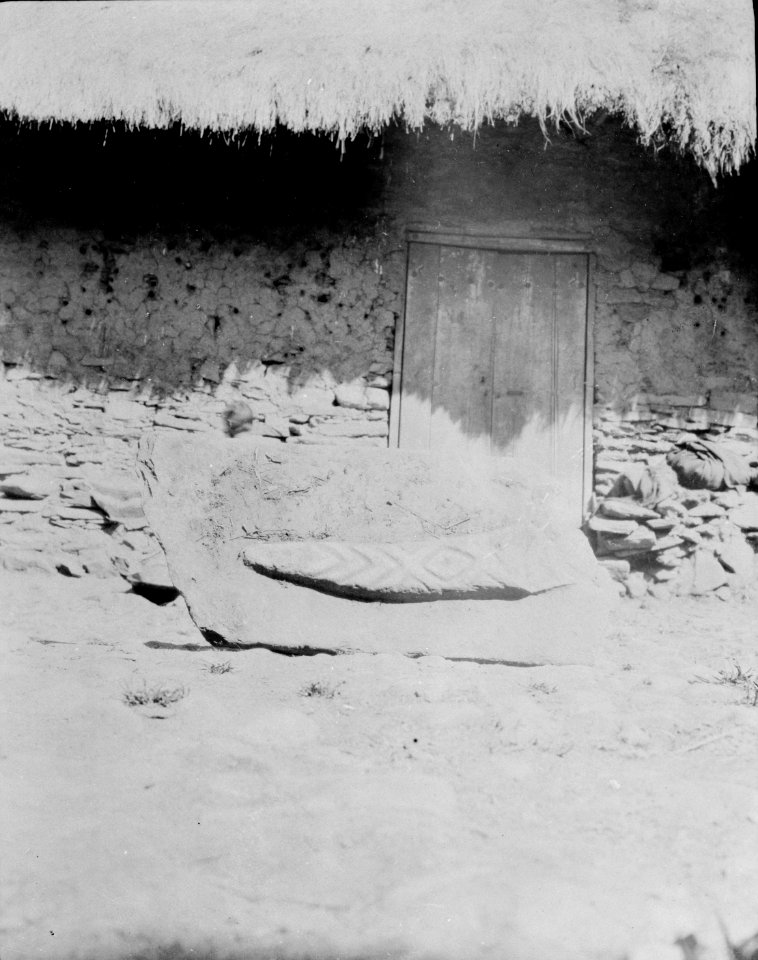Skulpterad sten, Motivet enl. Nordenskiöld bakdelen av en orm. Lokal, Sina, Peru. Sina - SMVK - 002465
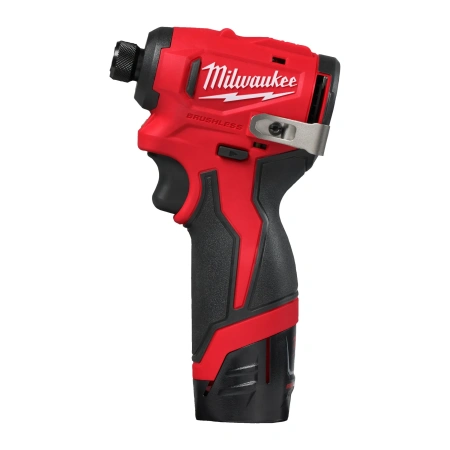 Аккумуляторный субкомпактный импульсный винтоверт Milwaukee M12 BLIDRC-202C (замена для 4933441960) (Арт. 4933499690)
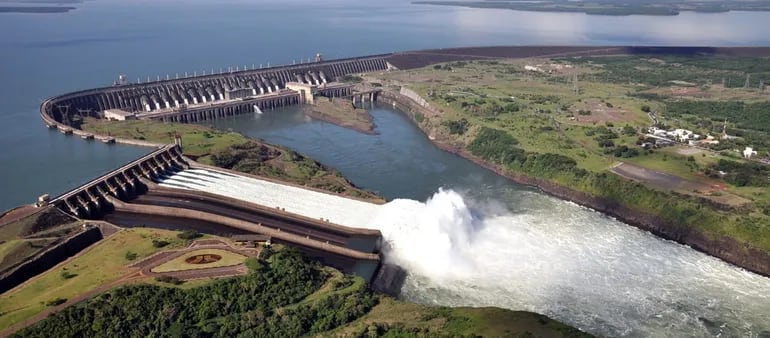 Represa hidroeléctrica Itaipú. Desde la izquierda, el vertedero con una de las tres canaletas abiertas (Foto de archivo).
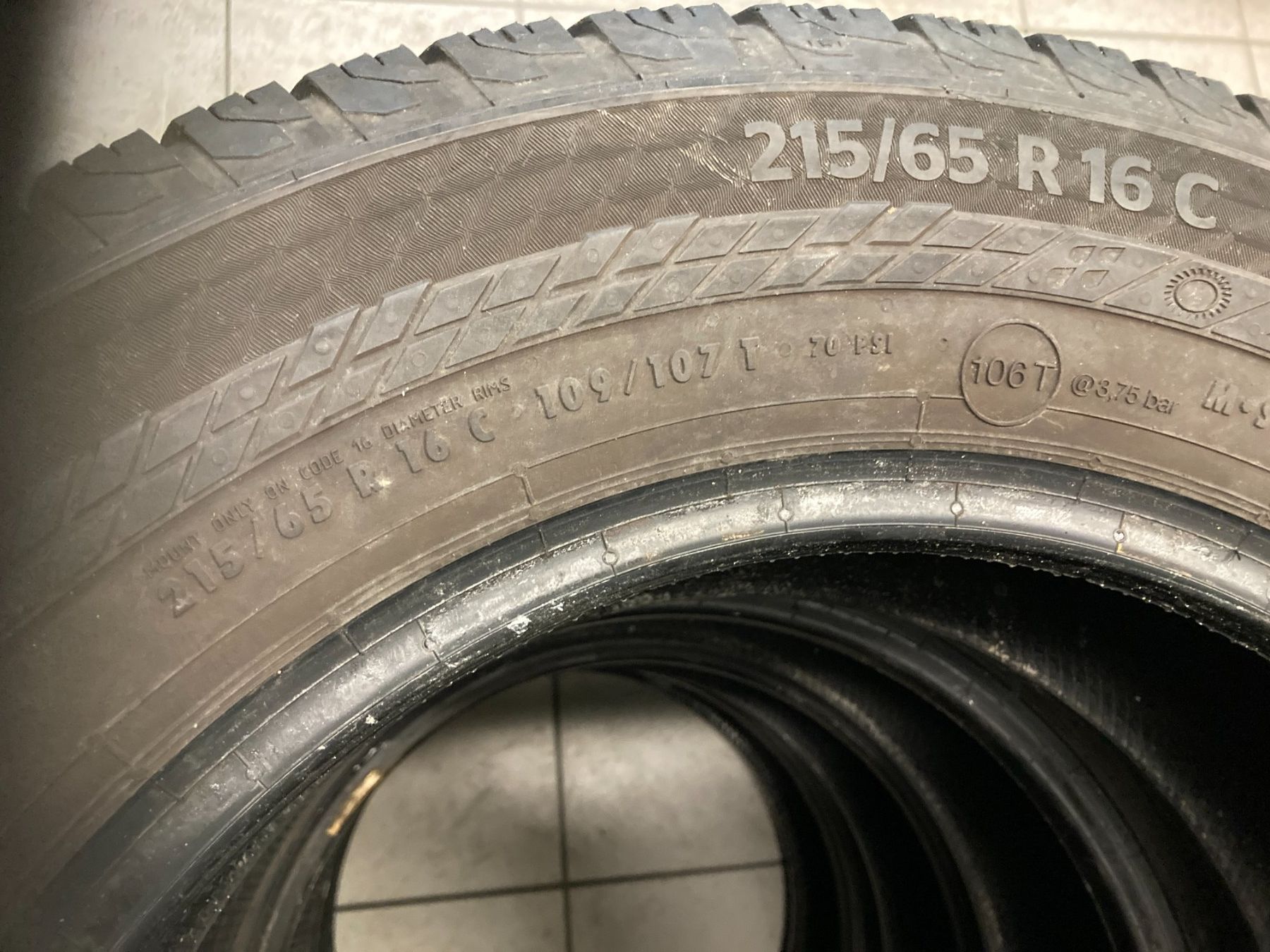 Continental Pneus & Kompletträder: 215/65R16 C Winterpneu Continental – Gebraucht aus Cham von WB2223 1
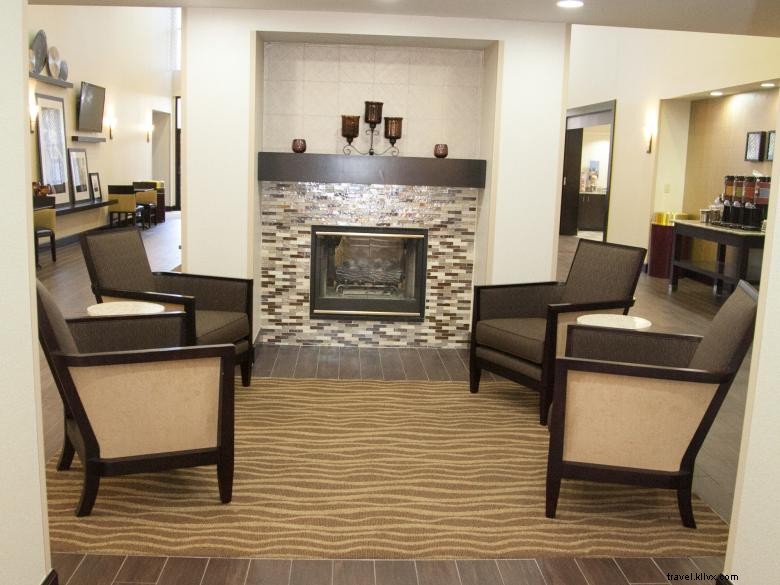 Hampton Inn & Suites Alpharetta – Modern Comfort & Friendly Service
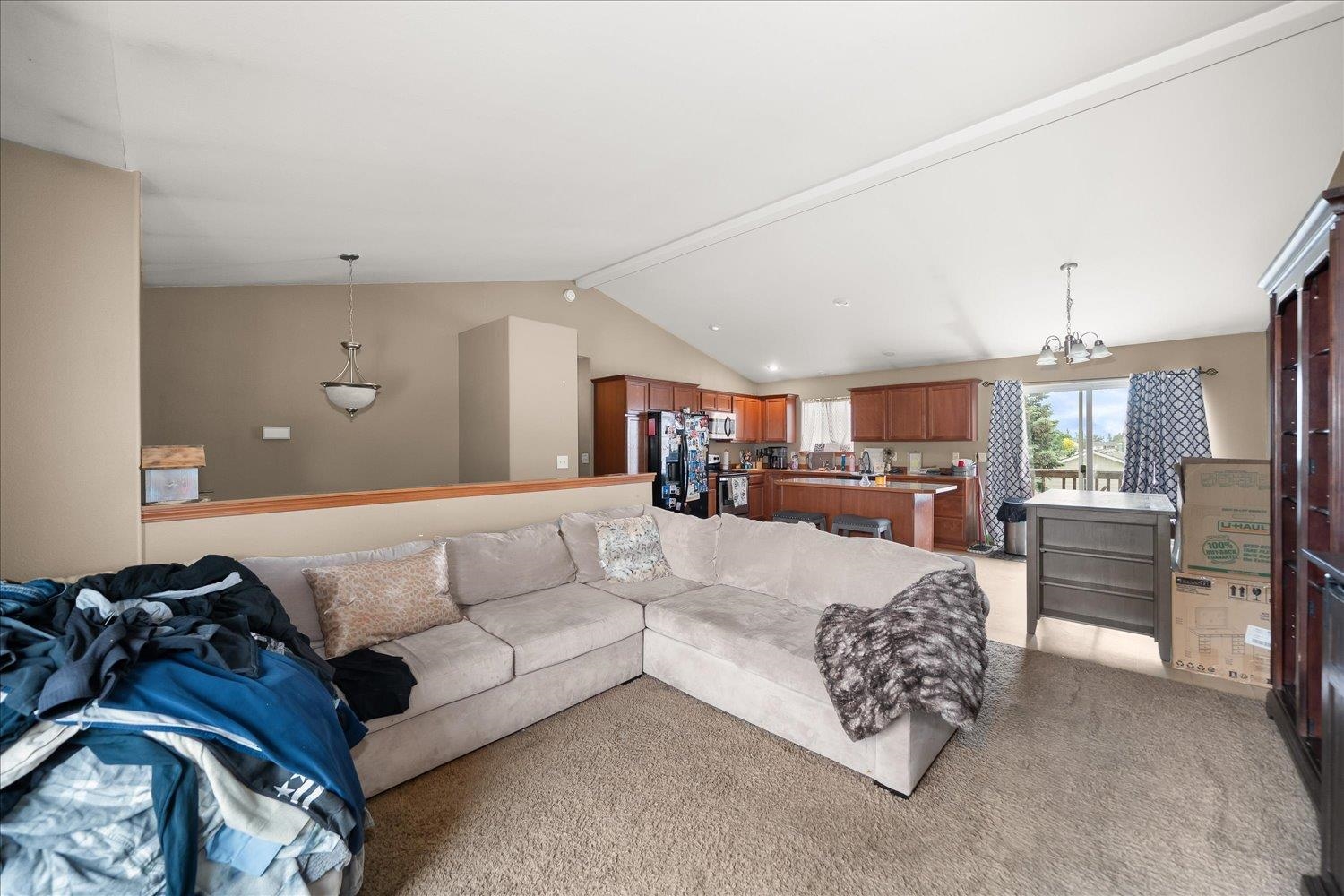 728 E Carrie Dr - Photo 4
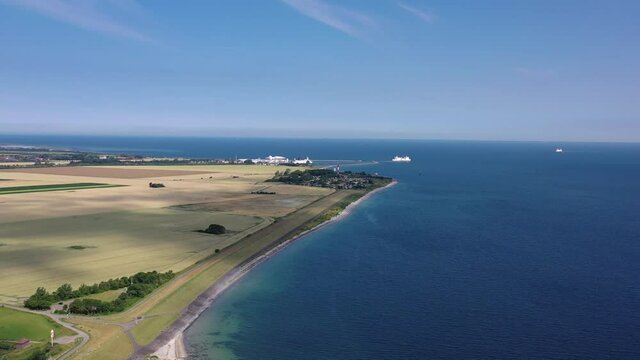 F&auml;hrhafen von Puttgarden auf der Insel Fehmarn, Baustelle f&uuml;r Tunnel nach D&auml;nemark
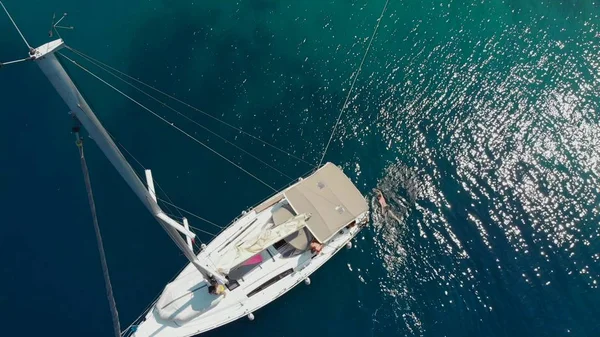 Парусная регата, прогулка на лодке, вид сверху. Белая яхта в голубом море — стоковое фото
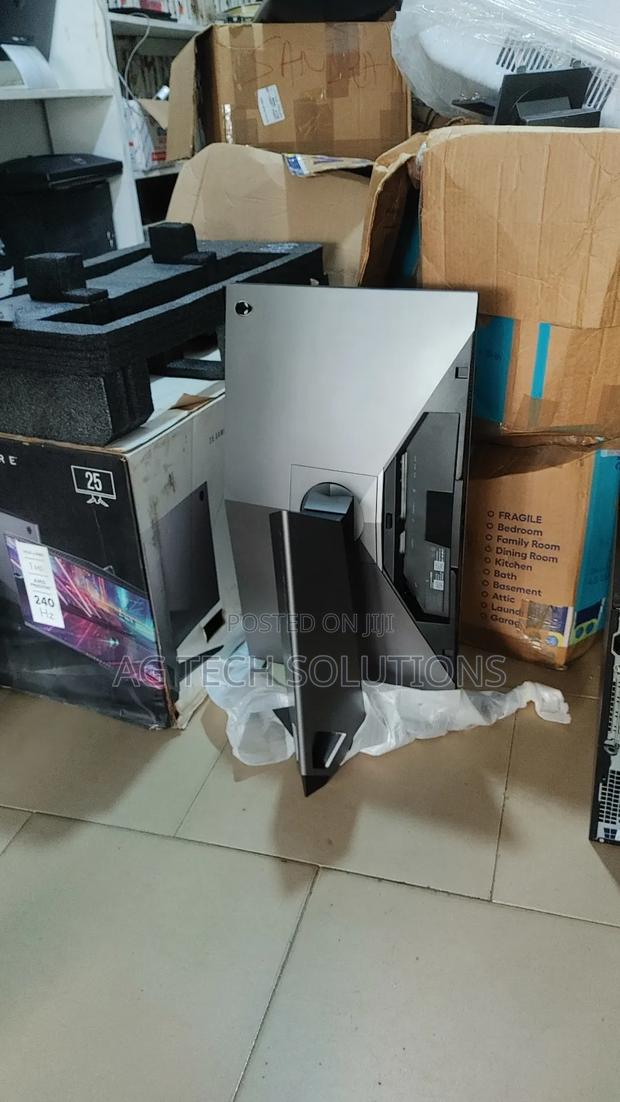 Iconic Alien Ware 25" Gaming Monitor photo 2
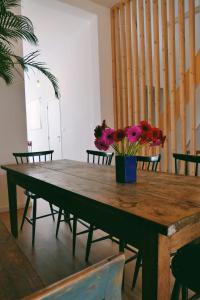 una mesa de madera con flores encima en 130sqm appartment with 20sqm terras and free parking, en Amberes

::::::::

Line by line, print the records above exactly, skipping each picture.

» **Response area**
Skulpterad sten, Motivet enl. Nordenskiöld bakdelen av en orm. Lokal, Sina, Peru. Sina - SMVK - 002465
 Аккумуляторный субкомпактный импульсный винтоверт Milwaukee M12 BLIDRC-202C (замена для 4933441960) (Арт. 4933499690)
 Represa hidroeléctrica Itaipú. Desde la izquierda, el vertedero con una de las tres canaletas abiertas (Foto de archivo).
 Continental Pneus & Kompletträder: 215/65R16 C Winterpneu Continental – Gebraucht aus Cham von WB2223 1
 Hampton Inn & Suites Alpharetta – Modern Comfort & Friendly Service
 728 E Carrie Dr - Photo 4
 F&auml;hrhafen von Puttgarden auf der Insel Fehmarn, Baustelle f&uuml;r Tunnel nach D&auml;nemark
 Парусная регата, прогулка на лодке, вид сверху. Белая яхта в голубом море — стоковое фото
 Iconic Alien Ware 25" Gaming Monitor photo 2
 una mesa de madera con flores encima en 130sqm appartment with 20sqm terras and free parking, en Amberes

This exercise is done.